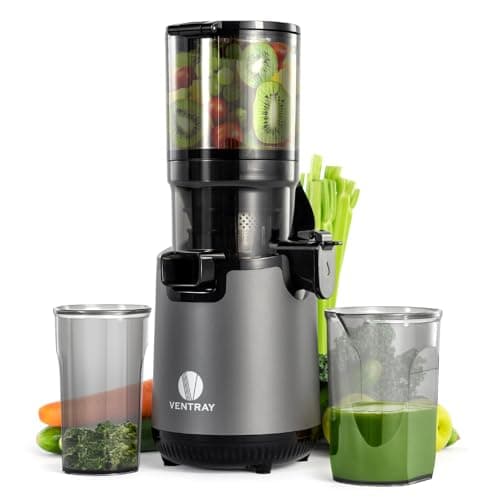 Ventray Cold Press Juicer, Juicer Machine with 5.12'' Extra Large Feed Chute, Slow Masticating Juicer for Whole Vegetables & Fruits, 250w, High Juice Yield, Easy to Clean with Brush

--

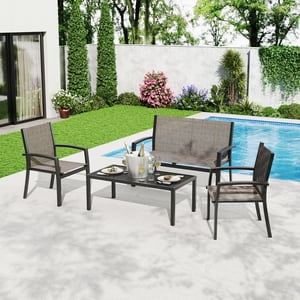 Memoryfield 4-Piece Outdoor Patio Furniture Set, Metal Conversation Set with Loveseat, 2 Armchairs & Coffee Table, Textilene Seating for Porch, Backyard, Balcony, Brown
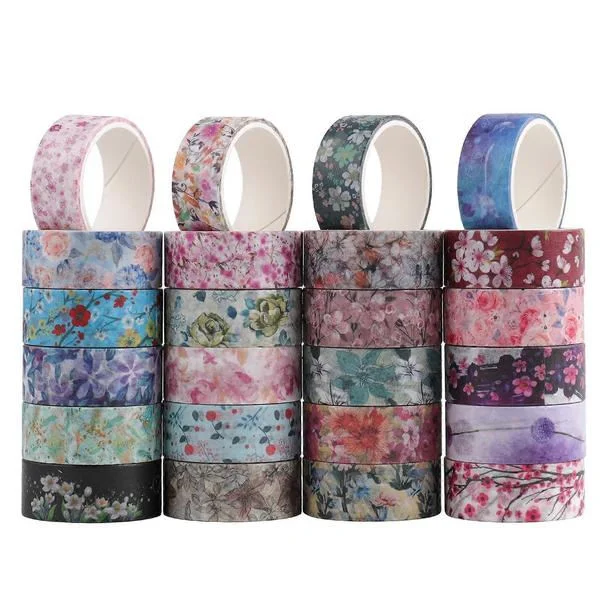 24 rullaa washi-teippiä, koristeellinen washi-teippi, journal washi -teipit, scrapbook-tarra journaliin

WORK TO COMPLETE → Leaving out all pictures, set down exactly the lines of the material above, from the line with "Memoryfield 4-Piece Outdoor" to the line with "24 rullaa washi-teippiä, koristeellinen" inclusive, and no others.

RESPONSE BOX →
 Memoryfield 4-Piece Outdoor Patio Furniture Set, Metal Conversation Set with Loveseat, 2 Armchairs & Coffee Table, Textilene Seating for Porch, Backyard, Balcony, Brown
 24 rullaa washi-teippiä, koristeellinen washi-teippi, journal washi -teipit, scrapbook-tarra journaliin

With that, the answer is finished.